彼女に出会えて、誰にも話せなかった悲しみから解放され、心の痛みがスーッと軽くなるのを感じました。一緒にお空で遊ぶ姿を二人で想像しながら、心の中で何度も彼女に「ありがとう」と言いました。
天理教では「人をたすけてわが身たすかる」と教えて頂きます。自分の辛い体験が、同じ辛さを持つ誰かの心のたすかりとなった時、自分の心もこうしてたすけて頂けるのだと、五歳の彼女が教えてくれたのです。
今日もお空のどこかで、お友達と楽しくかくれんぼしているのかなあ…。その姿を想像するだけで、お母さんは安心して今日も一日がんばれます。いつかまた、あなたに出会えるその日まで…。
幸福との出会い
私たちの幸せな生活は、社会的にも心理的にも、実に色々な要素によって成り立っています。たとえ今現在は調子よく進んでいて、将来的に何の不安もないように思われても、それを支えている一つ一つの要素を顧みる時、自分一人の力ではどうしようもない不確かな面がたくさんあることに気づきます。
悩みや苦しみ、不安というものは、生きていく限り、いつまでもつきまとうものでしょうか。そう考えると、人生はとても寂しい、悲しいものに思えてきます。
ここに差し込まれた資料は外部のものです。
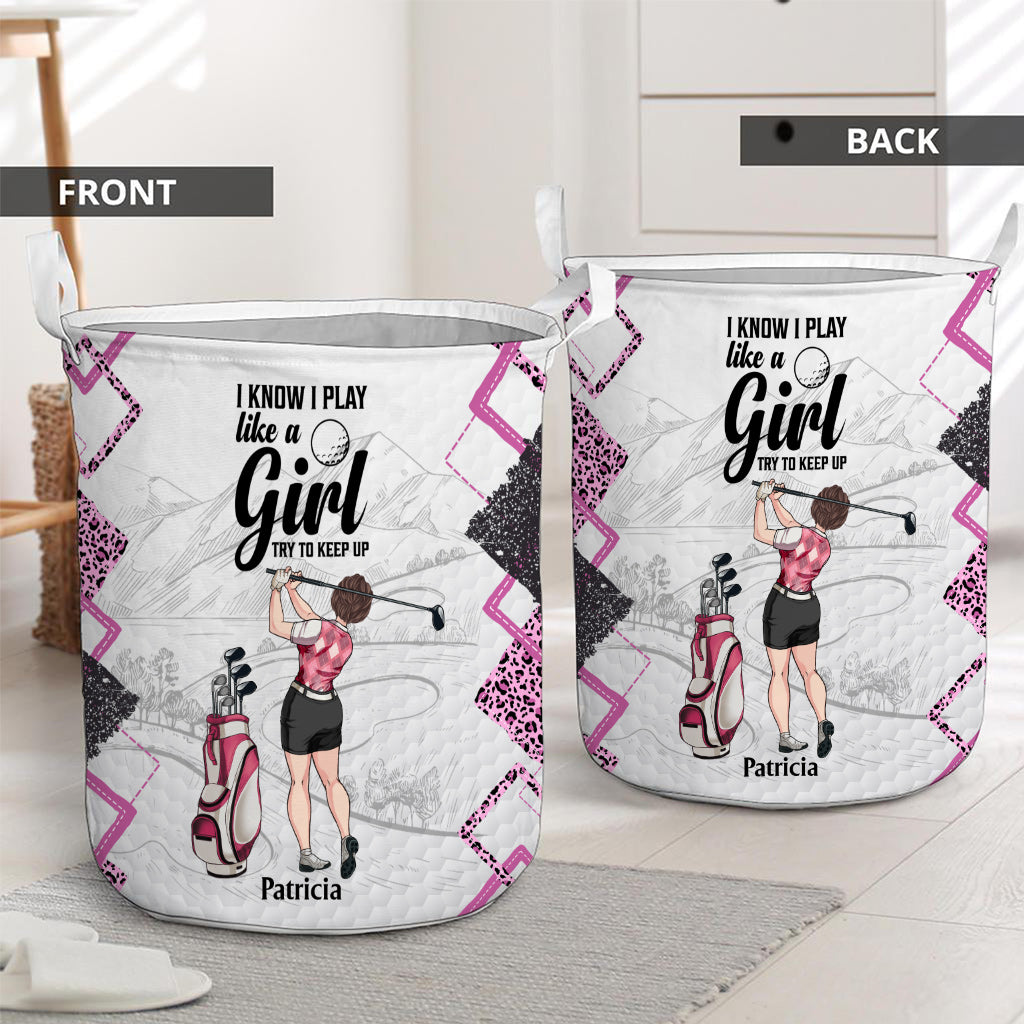 Golf Instruction - Golf gift for her, girlfriend, wife, daughter - Personalized Storage Basket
天理教教祖・中山みき様「おやさま」直筆による「おふでさき」に、
このよふを初た神の事ならば
せかい一れつみなわがこなり (四 62)
とあります。
この世界と人間を創られた親神様こそ、私たちが生かされて生きている、その元であり、真実の親なのです。
さらに教祖は、
せかいぢう神のたあにハみなわがこ
一れつハみなをやとをもゑよ (四 79)
せかいぢういちれつわみなきよたいや
たにんとゆうわさらにないぞや (十三 43)
と仰せられます。
この世界に生み出されてきた私たちは、みな親神様の子供であり、全人類はきょうだいということになるわけです。こうして、全人類が親である親神様を中心とした一つの家族であると悟ることができれば、不安と孤独から解放され、豊かな幸せを味わえるようになるのです。これほど素晴らしいことはありません。
親神様の親心というのはあたかも空気のようなもので、その大いなる恵みに囲まれて暮らしているにもかかわらず、それは目に見えないが故に、なかなか気づくことができません。
人間には誰しも病気や不時災難、人間関係のもつれなど、日常生活の上に様々な難儀不自由な事柄が現れてきます。そうした時に、それを克服したい一心で必死に祈ることがあります。これこそ、私たちが親神様と出会うきっかけなのです。
そうして真実を込めて願ううちに、それまで感じることのなかった親神様の大いなるご守護に気づき、感謝せずにはいられなくなるのです。